Tout lecteur assidu de Marguerite
Yourcenar connaît son goût pour l’art. En revanche, son appétence pour le
dessin reste confidentielle et je dois avouer que la lecture de ce livre, en
plus d’être agréable – on y trouve 106 illustrations – a été une vraie
surprise. Sue Lonoff de Cuevas, universitaire américaine, a voulu présenter et
étudier les dessins de l’écrivaine, les « faire connaître » mais aussi
« montrer en quoi il est précieux de les connaître ». En effet,
l’amateurisme des dessins en questions pourrait laisser dubitatif mais
l’essayiste nous emporte avec elle et nous prouve qu’ils « peuvent
éclairer ses centres d’intérêt, élargir le champ de ce que nous savons de ses
préoccupations, apporter des clés sur ses méthodes de travail, ses premiers
jets et leurs corrections, et même inciter des lecteurs à reconsidérer leurs
hypothèses à propos de son œuvre. » L’ouvrage nous emporte donc au pays de
l’avant-texte, matrice de l’œuvre à venir, gestation en traits et en couleurs
qui ne peut que séduire tout amateur d’art.

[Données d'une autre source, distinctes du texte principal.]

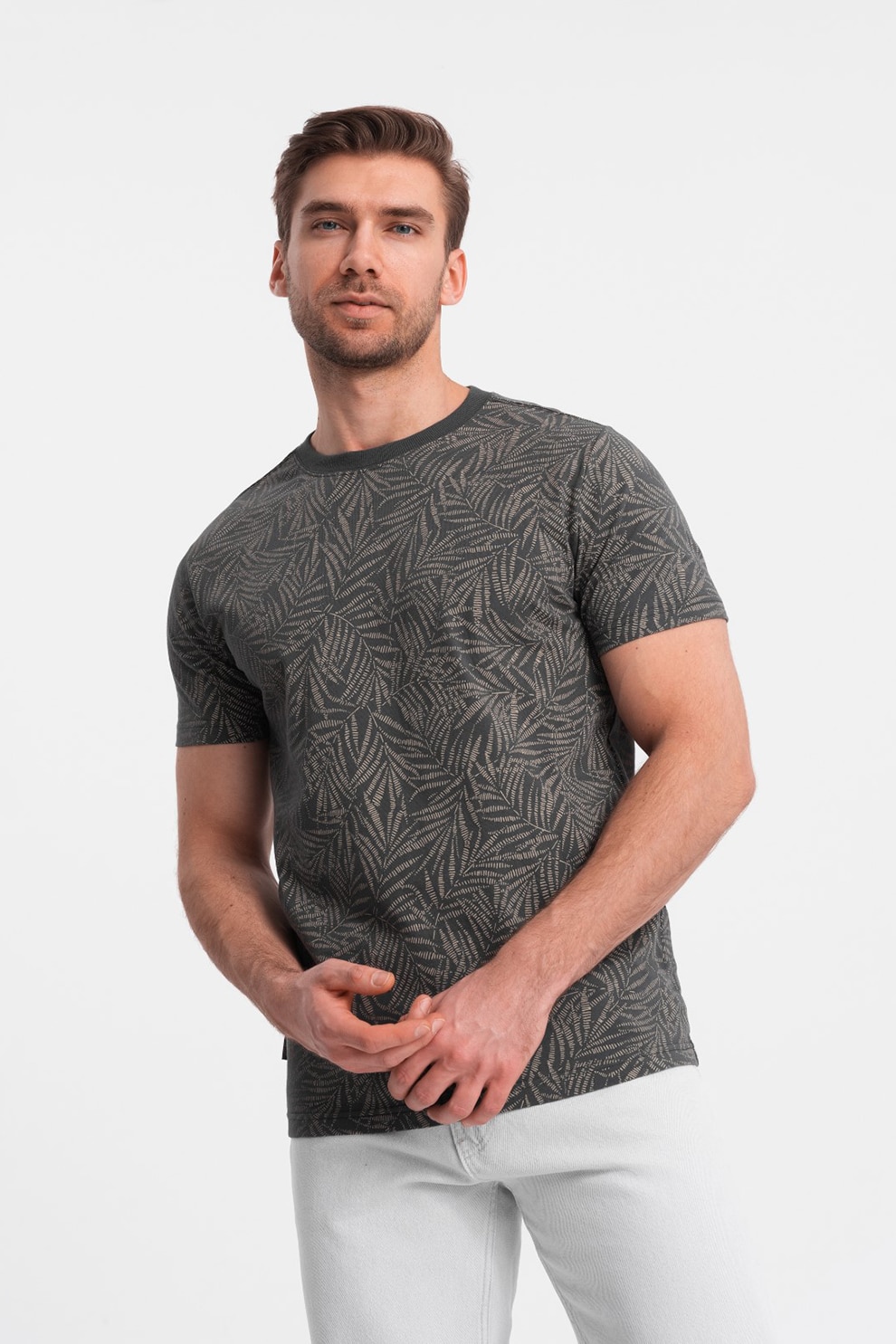 OMBRE, Tricou cu model si decolteu la baza gatului, Gri inchis, M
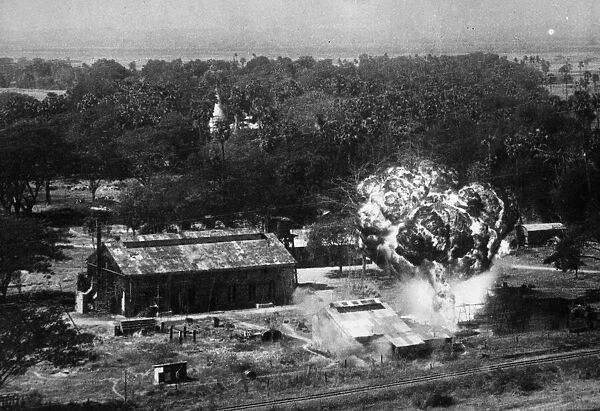 An oil blaze started by Beaufighters of the RAF in an attack on Thegon pump station some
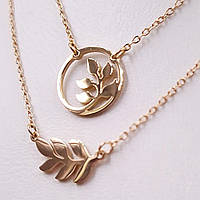 Ланцюжок з подвійним кулоном Xuping. Довжина: 40-45 см. Ширина кулона: 1 мм. Медична сталь.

Marguerite de Crayencour, avant
de porter son nom d’écrivaine, a fréquenté les musées avec assiduité. Lorsque
la famille s’est installée à Paris, en 1912, elle en profité pour visiter le
Louvre, Cluny et le palais des Thermes. A Londres, elle fréquentera la National
Gallery et le British Museum. A Petite Plaisance, on a retrouvé une collection
de cartes postales qui reproduisaient des œuvres vues dans les musées visités.
Ces œuvres d’art ont souvent servi d’embrayeurs à l’écriture, elle a utilisé
des « stimuli visuels ».
Dans l’ensemble de ces dessins, des thèmes reviennent comme des
leitmotivs, comme le Pierrot dont une ou deux représentations le montrent
pendu. Les mains apparaissent de manière récurrente, que l’on se souvienne
d’ailleurs de la présence des mains dans Mémoires d’Hadrien, des mains et de
leurs lignes, de ces mains d’Antinoüs qui se retirent doucement de celles de la
chiromancienne qui veut lire leurs lignes. Mais on trouve aussi des signes
cabalistiques et de nombreux dessins liés à la mythologie greco-romaine.
Il semblerait qu’elle composait
de manière non linéaire, en « expérimentant les images et les
phrases » et en biffant ce qui ne convenait pas. Ainsi, le dessin pouvait
servir à « visualiser un passage dont elle savait qu’elle voudrait le
changer. » Un chercheur a divisé ces dessins en deux catégories, ceux qui,
hors de la fiction, permettent de réfléchir sur le processus créateur en cours,
et ceux qui s’intègrent au récit en cours.
« Le cahier de Denier du rêve contient plus de cent dessins, dont
plusieurs sont aussi clairement liés que celui-ci à des objets ou des œuvres
d’art qu’elle avait sous la main. »
J’ai trouvé émouvant la tenue du registre des cultures de son jardin à Petite Plaisance. Dans un carnet
vert, elle dessinait à l’encre rouge chaque fleur, arbres ou arbuste du jardin.
On y trouve aussi leur nom en latin, en anglais, parfois en français et souvent
d’autres notes. Cinquante dessins achevés illustrent ce registre et aidaient
sans doute l’écrivaine à pouvoir décrire avec une grande exactitude toute fleur
de sa propriété. Elle fit même un plan des cultures de son jardin à l’encre
verte.
Enfin, pour conclure, je me suis
promenée dans cet ouvrage comme on découvre le jardin d’un ami. J’avais
l’impression d’entamer un bavardage entrecoupé de silences qui laissent la
place à l’autre et à l’imaginaire. Un livre pour les admirateurs de Marguerite
Yourcenar, un livre aussi pour tous ceux qui aiment l’art et qui savent combien
il peut être le compagnon de la création littéraire.